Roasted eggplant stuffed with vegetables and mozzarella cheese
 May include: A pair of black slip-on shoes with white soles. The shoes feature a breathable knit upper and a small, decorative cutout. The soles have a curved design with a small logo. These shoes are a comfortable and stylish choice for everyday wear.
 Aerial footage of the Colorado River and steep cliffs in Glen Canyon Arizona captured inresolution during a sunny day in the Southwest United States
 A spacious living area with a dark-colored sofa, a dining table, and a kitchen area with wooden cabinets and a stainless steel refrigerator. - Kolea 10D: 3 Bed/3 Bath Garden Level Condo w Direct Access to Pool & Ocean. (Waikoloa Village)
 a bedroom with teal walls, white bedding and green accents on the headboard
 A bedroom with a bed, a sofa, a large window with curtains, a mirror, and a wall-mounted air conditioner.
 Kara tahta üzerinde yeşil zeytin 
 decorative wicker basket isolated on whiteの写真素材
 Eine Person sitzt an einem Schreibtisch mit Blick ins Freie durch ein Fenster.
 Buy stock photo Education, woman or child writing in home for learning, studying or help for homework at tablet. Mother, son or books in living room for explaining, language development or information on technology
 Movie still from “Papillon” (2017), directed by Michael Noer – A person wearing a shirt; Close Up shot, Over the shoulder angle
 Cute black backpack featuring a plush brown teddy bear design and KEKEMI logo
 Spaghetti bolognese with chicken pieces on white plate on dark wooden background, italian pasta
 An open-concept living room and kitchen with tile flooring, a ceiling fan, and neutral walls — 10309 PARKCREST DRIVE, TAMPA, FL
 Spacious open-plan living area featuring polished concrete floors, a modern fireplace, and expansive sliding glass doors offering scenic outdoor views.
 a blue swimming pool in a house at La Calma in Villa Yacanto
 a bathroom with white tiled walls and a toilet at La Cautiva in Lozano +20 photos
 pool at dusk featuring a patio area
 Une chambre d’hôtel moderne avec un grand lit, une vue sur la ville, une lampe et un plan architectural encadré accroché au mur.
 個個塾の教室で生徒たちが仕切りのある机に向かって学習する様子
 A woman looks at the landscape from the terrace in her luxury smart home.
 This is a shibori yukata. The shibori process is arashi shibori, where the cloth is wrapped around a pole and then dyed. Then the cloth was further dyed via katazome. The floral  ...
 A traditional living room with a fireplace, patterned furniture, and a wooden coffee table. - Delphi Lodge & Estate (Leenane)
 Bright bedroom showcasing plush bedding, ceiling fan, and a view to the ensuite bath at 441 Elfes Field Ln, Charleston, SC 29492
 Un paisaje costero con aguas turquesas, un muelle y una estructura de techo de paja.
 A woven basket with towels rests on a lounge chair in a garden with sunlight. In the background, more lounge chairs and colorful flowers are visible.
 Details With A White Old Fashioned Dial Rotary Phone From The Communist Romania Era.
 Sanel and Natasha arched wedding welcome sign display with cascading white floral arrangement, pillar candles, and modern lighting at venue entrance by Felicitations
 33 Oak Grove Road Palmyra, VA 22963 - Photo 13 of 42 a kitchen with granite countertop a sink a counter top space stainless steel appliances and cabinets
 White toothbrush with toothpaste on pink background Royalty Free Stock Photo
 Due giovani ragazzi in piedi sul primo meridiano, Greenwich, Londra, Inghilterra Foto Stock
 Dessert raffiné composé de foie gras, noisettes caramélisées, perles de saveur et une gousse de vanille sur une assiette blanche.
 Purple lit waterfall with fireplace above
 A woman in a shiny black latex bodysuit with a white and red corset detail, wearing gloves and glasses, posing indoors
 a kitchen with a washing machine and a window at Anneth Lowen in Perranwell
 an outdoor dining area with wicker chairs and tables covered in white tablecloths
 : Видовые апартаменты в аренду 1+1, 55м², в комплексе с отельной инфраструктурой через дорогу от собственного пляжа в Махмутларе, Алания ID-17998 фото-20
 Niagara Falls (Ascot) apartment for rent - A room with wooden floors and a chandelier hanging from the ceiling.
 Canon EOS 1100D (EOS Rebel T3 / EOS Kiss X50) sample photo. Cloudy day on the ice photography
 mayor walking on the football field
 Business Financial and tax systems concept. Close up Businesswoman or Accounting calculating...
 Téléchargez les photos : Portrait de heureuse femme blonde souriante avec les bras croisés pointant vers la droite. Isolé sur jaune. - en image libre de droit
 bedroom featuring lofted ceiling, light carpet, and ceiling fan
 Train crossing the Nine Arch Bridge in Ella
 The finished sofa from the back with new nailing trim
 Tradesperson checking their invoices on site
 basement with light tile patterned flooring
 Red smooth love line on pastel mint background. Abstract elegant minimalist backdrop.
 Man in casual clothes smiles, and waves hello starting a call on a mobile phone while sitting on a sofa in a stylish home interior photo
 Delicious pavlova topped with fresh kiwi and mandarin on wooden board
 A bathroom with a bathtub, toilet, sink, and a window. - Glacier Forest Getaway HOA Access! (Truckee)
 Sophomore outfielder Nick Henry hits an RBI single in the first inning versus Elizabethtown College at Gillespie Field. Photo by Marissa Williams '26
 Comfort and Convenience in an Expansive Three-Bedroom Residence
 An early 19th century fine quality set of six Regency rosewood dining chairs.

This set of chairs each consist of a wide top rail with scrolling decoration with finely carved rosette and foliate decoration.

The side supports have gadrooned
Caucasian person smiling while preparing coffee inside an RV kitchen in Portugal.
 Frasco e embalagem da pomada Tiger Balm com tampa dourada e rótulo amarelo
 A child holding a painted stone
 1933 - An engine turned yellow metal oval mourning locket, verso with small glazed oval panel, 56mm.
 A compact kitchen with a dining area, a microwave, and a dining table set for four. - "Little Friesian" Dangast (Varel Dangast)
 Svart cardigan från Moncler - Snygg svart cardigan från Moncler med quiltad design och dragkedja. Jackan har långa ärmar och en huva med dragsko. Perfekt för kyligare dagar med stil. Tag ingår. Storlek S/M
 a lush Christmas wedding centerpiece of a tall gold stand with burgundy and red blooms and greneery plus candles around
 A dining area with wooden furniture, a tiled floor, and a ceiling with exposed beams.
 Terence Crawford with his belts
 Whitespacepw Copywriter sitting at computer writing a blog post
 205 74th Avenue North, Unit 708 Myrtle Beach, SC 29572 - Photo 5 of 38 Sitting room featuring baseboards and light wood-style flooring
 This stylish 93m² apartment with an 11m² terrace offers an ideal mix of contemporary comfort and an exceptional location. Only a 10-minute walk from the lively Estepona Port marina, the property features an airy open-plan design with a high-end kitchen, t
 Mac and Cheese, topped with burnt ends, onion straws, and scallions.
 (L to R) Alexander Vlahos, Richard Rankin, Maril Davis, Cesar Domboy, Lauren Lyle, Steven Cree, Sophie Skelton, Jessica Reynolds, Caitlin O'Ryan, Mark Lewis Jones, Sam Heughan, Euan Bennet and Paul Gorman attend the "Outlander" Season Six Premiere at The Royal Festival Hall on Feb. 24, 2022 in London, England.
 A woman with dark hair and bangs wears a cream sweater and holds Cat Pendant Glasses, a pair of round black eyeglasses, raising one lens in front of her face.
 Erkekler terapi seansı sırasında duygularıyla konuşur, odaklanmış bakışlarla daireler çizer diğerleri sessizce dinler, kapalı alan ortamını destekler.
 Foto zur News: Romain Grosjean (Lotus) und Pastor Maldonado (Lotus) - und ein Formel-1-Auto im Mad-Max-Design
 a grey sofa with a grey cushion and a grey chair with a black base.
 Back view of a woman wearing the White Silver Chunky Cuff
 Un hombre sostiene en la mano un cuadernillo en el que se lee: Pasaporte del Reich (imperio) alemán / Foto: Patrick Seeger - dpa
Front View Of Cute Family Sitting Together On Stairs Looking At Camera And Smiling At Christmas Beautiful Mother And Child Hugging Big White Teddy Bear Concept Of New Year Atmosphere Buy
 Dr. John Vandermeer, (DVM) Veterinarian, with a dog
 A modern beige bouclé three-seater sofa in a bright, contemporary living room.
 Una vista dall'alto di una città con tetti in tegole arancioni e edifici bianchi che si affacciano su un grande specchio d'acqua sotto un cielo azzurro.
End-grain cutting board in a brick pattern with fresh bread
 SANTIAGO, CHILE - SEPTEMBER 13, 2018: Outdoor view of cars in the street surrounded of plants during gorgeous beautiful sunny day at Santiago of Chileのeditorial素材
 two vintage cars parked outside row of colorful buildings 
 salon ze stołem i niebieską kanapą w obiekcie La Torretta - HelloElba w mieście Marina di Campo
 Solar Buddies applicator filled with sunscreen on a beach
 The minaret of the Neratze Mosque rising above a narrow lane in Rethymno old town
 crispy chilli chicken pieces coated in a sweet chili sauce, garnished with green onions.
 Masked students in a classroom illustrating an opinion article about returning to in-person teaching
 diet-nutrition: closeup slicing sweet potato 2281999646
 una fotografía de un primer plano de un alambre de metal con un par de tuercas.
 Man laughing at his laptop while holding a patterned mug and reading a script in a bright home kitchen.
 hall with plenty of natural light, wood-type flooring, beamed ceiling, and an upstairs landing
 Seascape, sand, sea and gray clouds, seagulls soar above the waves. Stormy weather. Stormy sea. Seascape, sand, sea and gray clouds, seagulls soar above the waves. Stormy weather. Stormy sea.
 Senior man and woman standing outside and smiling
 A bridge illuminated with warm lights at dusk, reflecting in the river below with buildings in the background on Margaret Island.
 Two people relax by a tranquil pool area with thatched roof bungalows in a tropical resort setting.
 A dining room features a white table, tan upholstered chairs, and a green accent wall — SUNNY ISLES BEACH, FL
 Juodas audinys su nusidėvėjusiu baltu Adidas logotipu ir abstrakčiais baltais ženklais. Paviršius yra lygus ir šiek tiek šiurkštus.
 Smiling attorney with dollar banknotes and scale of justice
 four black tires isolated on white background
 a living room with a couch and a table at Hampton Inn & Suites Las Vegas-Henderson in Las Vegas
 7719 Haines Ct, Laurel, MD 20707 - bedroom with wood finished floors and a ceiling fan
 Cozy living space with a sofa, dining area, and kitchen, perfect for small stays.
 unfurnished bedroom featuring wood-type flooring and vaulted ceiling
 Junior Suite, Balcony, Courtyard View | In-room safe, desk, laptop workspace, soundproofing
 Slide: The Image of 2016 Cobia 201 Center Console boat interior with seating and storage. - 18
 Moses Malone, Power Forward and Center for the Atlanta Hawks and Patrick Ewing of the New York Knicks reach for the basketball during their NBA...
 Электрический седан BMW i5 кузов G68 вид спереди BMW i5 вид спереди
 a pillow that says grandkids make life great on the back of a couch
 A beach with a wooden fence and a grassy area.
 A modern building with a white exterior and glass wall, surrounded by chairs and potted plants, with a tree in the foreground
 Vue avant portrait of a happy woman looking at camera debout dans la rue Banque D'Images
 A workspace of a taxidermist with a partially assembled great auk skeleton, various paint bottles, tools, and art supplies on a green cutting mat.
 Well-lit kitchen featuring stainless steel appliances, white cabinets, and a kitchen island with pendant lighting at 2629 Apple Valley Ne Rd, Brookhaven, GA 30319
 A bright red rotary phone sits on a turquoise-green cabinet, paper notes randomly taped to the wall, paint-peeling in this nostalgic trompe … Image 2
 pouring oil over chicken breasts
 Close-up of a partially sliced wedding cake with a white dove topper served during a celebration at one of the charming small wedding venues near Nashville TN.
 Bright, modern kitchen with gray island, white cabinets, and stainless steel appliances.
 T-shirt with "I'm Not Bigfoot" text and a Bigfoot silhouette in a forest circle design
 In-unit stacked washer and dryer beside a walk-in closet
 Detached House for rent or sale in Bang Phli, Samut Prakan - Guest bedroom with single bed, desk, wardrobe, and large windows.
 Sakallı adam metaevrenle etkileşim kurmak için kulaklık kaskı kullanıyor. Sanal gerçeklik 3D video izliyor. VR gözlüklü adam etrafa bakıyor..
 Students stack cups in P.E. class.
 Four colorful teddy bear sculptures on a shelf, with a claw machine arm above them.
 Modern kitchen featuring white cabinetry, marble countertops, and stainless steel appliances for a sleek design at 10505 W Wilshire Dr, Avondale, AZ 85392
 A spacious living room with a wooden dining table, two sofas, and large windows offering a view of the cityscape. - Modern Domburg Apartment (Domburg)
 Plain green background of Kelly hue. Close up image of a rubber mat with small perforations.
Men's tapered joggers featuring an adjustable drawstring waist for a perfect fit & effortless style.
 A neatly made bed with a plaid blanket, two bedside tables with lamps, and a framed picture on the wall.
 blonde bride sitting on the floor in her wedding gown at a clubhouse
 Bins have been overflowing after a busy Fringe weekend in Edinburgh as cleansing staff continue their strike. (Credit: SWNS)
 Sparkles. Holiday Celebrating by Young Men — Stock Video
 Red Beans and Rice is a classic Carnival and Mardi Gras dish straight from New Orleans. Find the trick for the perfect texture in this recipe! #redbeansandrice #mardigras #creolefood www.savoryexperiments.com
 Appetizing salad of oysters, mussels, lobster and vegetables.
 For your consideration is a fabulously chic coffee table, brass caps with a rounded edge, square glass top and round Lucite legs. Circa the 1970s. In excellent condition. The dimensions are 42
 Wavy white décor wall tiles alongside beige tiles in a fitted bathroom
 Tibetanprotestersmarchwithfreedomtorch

TO DO » Repeat exactly the lines above from the one with "salon ze stołem" up to and including the one with "Man laughing at". No other line belongs in the reply.

EXERCISE ANSWER »
 salon ze stołem i niebieską kanapą w obiekcie La Torretta - HelloElba w mieście Marina di Campo
 Solar Buddies applicator filled with sunscreen on a beach
 The minaret of the Neratze Mosque rising above a narrow lane in Rethymno old town
 crispy chilli chicken pieces coated in a sweet chili sauce, garnished with green onions.
 Masked students in a classroom illustrating an opinion article about returning to in-person teaching
 diet-nutrition: closeup slicing sweet potato 2281999646
 una fotografía de un primer plano de un alambre de metal con un par de tuercas.
 Man laughing at his laptop while holding a patterned mug and reading a script in a bright home kitchen.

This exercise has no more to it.